Deleuze define a Ética de Espinosa como uma
etologia, situando-a, assim, entre os estudos que definem os corpos, os animais
ou os homens, pelos afetos que são capazes. Segundo ele, a etologia é, antes de
tudo, um estudo de velocidades e lentidões, dos poderes de afetar e ser afetado
que caracterizam cada coisa, através de suas relações com outras.
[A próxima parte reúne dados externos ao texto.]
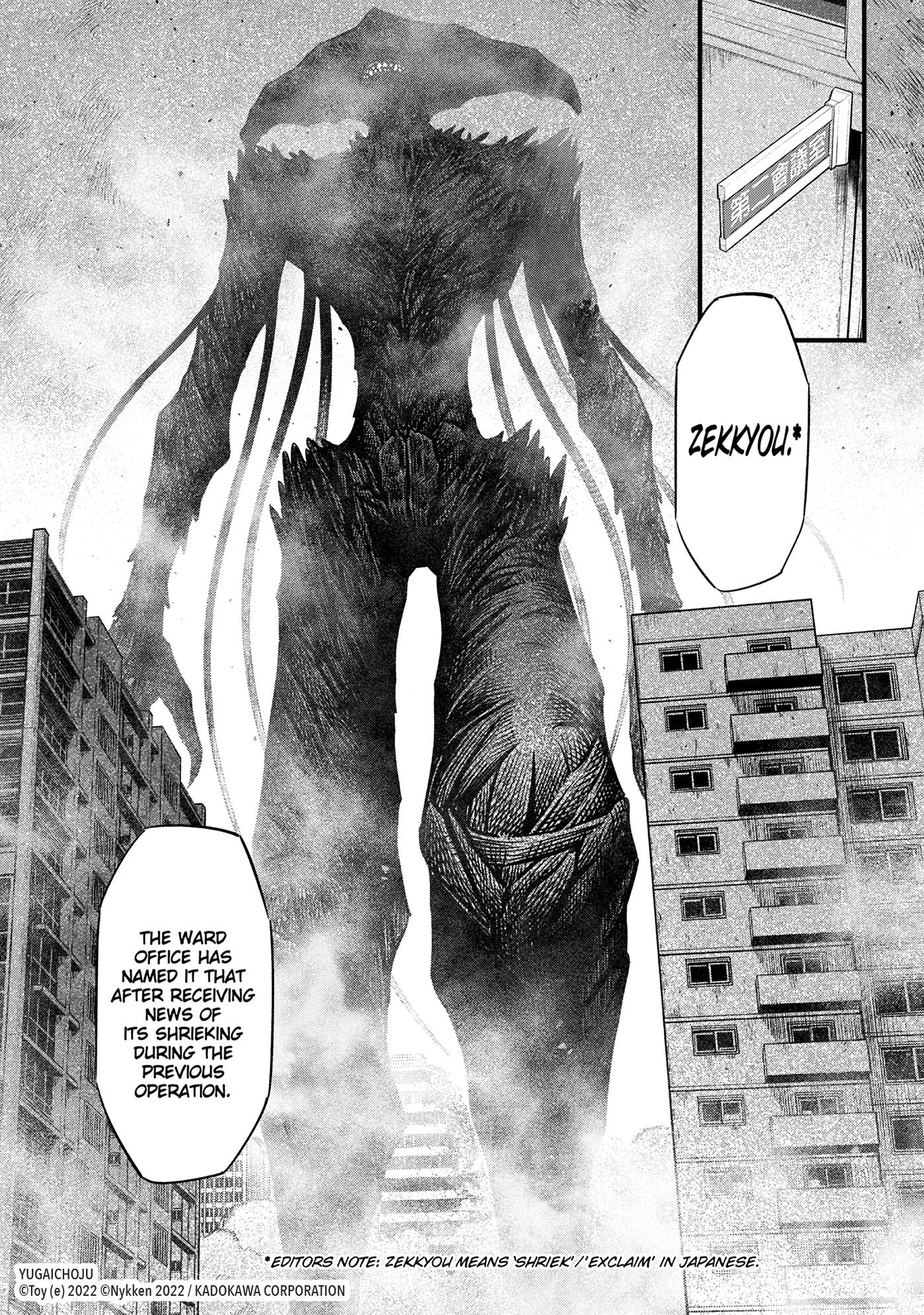 Toxic Super Beasts Vol.1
Parafraseando Deleuze, uma coisa existe em
sua relação com o mundo: o interior é somente um exterior selecionado, o exterior,
um interior projetado. Cada indivíduo é o resultado do entrelaçamento de ações
e reações ou, simplesmente, afetações. Em outros termos, o plano da natureza é
como o plano de uma composição musical, uma unidade superior imanente que se
amplia em relações de velocidade e lentidão definidas pelo poder de afetar e
ser afetado.
Para Deleuze, ser “espinosista” se define
da seguinte maneira:
“....se somos espinosistas, não
definiremos algo nem por sua forma, nem por seus órgãos e suas funções, nem
como substância ou como sujeito. Tomando emprestados termos da Idade Média, ou
então da geografia, nós o definiremos por longitude e latitude. Um corpo pode
ser qualquer coisa, pode ser um animal, pode ser um corpo sonoro, pode ser uma
alma ou uma ideia, pode ser um corpus linguístico, pode ser um corpo social,
uma coletividade. Entendemos por longitude de um corpo qualquer conjunto das
relações de velocidade e de lentidão, de repouso e de movimento, entre partículas
que o compõem desse ponto de vista, isto é, entre elementos não formados. Entendemos
por latitude o conjunto dos afetos que preenchem um corpo a cada momento, isto é,
os estados intensivos de uma força anônima ( força de existir, poder de ser afetado). Estabelecemos assim a
cartografia de um corpo. O conjunto das longitudes e das latitudes constitui a
Natureza, o plano de imanência ou de consistência, sempre variável, e que não
cessa de ser remanejado, composto, recomposto, pelos indivíduos e pelas
coletividades.” ( Gilles Deleuze. Espinosa: Filosofia prática. SP: Escuta,
2002, p. 132)
A vida é a coincidência do corpo e do mundo
a partir de coordenadas que estabelecem sua segmentação em um plano de afetações
e multiplicidades. É assim que se define sua cartografia. Estamos aqui lidando
com uma filosofia da não filosofia, com
um pensamento que explora a inconsciência do próprio ato de pensar através do
encontro entre o conceito e o afeto. O resultado deste encontro é movimento
expansivo, é como uma música que se move
através de suas intensidades maiores e menores; é um movimento em latitudes
e longitudes, velocidades e lentidões, num plano de imanência. A música se
confunde aqui, portanto, com uma maneira de viver. Nos conjugamos com as coisas
deslizando por entre, nos introduzindo no meio, na imposição e improvisação de diversos
ritmos. O desconhecido do corpo e o inconsciente do pensamento se conjugam nas
afetações.
Cabe esclarecer que um corpo pode ser
afetado de muitas maneiras, pelas quais a sua potencia diminui ou aumenta. Os
afetos primários são a alegria e a tristeza. Deles derivam todos os outros. Os
afetos são “bio políticos” e o corpo busca sempre aumentar a sua potência de
agir através do desejo. Quando as relações
de movimento e repouso de dois corpos se compõem, os dois corpos formam um
conjunto de potência superior estabelecendo noções
comuns. A ideia de alguma coisa que nos convém, nos conduz a uma ideia mais
adequada de nós mesmos. Noções comuns são essas ideias adequadas que permitem a
composição entre corpos. A existência é, portanto, feita de encontros, é composição e recomposição em uma hierarquia de
encontros entre corpos. Isso é a vida! A potencia de existir é a potencia de
afetar e ser afetado. Resumindo tudo a
uma única frase: Uma ciência dos afetos é uma ciência da vida.